I have been musing about the use of the wording “error” in statistical analysis – it is common to speak about “observation error” or “process error”, but what we really mean are unobserved ecological or physical processes that affect our system or our observations, and that we choose to subsume in a probabilistic model. One could argue that this is all semantics, but I wonder whether the negative touch that we probably all have associated with the word “error” explains why “error models” are seldom discussed or interpreted as a matter of ecological concern.

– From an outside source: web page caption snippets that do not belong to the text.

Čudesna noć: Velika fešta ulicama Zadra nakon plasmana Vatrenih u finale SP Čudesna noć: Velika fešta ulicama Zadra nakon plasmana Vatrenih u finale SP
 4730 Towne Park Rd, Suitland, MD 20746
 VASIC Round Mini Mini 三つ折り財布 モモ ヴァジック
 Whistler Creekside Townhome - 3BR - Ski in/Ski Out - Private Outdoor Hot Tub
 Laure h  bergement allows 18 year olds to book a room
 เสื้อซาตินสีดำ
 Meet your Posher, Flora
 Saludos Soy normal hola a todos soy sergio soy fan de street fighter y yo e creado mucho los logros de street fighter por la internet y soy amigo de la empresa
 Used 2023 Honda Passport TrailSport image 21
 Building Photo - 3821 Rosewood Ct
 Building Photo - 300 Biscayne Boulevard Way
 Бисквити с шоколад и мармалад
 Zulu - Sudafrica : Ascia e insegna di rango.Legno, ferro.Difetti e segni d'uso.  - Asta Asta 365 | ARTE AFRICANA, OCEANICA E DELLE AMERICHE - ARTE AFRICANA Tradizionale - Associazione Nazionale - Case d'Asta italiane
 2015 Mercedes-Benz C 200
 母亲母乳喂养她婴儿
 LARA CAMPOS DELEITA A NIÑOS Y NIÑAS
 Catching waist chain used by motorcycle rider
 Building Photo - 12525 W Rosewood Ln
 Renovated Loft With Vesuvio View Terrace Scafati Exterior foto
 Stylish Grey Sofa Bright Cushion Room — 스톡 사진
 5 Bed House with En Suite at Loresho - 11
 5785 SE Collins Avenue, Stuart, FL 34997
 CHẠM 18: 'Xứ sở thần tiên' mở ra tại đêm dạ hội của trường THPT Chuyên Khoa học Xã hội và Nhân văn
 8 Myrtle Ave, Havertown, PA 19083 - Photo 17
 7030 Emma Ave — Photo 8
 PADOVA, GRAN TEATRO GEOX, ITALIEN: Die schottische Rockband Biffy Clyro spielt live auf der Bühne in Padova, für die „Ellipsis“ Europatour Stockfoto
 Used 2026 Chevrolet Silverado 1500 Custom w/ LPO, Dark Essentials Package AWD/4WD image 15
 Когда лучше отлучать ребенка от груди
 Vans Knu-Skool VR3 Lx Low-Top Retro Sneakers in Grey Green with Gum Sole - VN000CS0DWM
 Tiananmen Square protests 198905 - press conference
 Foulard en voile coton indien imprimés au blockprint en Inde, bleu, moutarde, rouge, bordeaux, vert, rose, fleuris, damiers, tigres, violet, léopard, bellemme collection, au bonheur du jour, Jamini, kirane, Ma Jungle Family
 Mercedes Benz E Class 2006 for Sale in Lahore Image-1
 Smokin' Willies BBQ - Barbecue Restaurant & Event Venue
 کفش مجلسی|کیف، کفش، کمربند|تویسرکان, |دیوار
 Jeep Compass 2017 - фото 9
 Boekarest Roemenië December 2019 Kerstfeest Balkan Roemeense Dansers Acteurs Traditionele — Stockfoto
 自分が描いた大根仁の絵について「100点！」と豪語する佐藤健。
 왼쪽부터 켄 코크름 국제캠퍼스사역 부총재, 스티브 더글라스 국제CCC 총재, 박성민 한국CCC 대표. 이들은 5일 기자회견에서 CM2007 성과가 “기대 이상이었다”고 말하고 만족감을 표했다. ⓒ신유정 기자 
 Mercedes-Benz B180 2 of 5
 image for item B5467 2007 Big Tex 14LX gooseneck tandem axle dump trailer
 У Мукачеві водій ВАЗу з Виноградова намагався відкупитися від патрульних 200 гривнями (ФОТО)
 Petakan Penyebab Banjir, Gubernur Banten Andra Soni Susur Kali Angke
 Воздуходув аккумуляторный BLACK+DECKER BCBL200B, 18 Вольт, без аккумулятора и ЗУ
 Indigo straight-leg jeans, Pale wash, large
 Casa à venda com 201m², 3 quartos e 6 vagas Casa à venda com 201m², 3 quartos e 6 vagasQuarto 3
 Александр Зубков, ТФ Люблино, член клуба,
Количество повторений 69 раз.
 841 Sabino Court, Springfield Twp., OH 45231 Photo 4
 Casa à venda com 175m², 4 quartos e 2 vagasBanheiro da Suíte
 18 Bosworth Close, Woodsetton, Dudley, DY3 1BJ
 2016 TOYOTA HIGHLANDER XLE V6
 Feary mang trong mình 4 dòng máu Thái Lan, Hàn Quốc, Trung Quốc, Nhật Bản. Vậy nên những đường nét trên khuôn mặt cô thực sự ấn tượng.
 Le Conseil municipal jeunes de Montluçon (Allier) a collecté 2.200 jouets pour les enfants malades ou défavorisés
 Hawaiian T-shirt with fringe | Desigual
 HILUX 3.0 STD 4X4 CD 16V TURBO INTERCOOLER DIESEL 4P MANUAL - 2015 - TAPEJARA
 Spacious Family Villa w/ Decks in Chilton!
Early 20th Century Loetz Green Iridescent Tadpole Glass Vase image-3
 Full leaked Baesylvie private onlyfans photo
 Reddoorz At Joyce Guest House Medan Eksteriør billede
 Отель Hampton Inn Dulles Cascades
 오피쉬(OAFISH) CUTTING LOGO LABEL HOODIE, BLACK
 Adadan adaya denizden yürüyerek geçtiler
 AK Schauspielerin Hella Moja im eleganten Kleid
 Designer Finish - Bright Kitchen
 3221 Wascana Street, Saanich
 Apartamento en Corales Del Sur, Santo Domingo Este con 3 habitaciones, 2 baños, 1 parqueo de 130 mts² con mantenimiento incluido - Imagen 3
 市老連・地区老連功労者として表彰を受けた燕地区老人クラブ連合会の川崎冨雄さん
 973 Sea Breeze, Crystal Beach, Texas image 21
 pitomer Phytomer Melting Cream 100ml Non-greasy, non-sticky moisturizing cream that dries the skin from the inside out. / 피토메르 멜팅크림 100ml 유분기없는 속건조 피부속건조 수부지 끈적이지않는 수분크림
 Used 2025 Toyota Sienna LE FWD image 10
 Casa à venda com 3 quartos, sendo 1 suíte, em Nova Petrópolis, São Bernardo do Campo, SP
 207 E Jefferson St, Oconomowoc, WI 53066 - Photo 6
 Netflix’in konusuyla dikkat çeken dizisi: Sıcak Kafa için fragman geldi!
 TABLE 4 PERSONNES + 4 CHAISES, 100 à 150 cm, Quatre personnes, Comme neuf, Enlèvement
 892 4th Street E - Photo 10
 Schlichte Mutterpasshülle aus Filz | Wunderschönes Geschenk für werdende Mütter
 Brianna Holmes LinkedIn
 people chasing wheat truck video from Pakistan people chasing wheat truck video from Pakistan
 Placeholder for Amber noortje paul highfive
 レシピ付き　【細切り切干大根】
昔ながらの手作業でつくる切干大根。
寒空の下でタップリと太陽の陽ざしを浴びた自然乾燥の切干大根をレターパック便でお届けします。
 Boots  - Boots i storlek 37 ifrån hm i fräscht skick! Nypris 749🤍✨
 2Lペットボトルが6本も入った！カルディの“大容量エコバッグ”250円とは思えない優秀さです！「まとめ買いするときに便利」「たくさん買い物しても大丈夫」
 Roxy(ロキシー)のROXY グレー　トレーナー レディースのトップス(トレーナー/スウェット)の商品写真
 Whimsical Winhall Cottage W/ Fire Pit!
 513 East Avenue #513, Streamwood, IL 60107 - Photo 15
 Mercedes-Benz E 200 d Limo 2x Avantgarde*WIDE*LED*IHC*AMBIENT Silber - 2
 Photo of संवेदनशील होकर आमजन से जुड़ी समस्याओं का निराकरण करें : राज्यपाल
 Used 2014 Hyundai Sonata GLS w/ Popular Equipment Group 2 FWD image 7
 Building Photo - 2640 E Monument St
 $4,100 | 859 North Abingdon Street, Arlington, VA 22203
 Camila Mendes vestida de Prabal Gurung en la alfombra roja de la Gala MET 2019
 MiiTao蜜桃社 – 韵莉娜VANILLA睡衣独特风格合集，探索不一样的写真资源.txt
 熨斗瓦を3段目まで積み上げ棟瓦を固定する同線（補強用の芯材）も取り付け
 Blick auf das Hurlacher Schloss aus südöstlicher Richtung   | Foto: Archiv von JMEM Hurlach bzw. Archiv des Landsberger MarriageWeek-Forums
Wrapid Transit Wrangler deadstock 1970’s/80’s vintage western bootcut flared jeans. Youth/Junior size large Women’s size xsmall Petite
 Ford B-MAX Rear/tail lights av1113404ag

People discuss about whether the residuals follow the error model assumed (see e.g. here), but apart from that, the “error model” is usually viewed as an arbitrary flexible thing that, like play dough, can be adjusted at will until it wraps nicely around the residuals.

Parts of this mindset is certainly connected to historical limits in methodology – the “error” in regression models is inevitably a mixture of different error sources and therefore difficult to interpret ecologically. But this is changing, for example with hierarchical Bayesian models that allow separating “errors” (I would rather say stochastic processes!) at different levels, or approximate Bayesian methods that allow to generate approximate likelihoods from stochastic processes that have a clear mechanistic interpretation. I wonder whether it would be better to avoid the “error-terminology” altogether in publications and teaching, in favor of simply referring to the “observation stochasticity”, “process-stochasticity” and so on …

I agree and I raised the point a few times, in my case the culprit was the term noise, a concept I find pretty disturbing, since it is typical of physicist, mathematicians or wanna-bes involved in ecological analysis.

Yes, noise would be another candidate.

Is Jim Clark’s position interesting here? ‘…processes perceived as stochastic at one level of abstraction have explanations at another.’

http://www.uwyo.edu/vegecology/pdfs/readings/clark_tree2009.pdf

I think it is. In fact, I guess all of his work on hierarchical Bayesian models of the last 10 years is quite interesting in this context – maybe his 2011 EL paper (http://dx.doi.org/10.1111/j.1461-0248.2011.01685.x) has set out his arguments most clearly though, it’s more concerned with the modeling questions and less with battling neutral theory than some of the others.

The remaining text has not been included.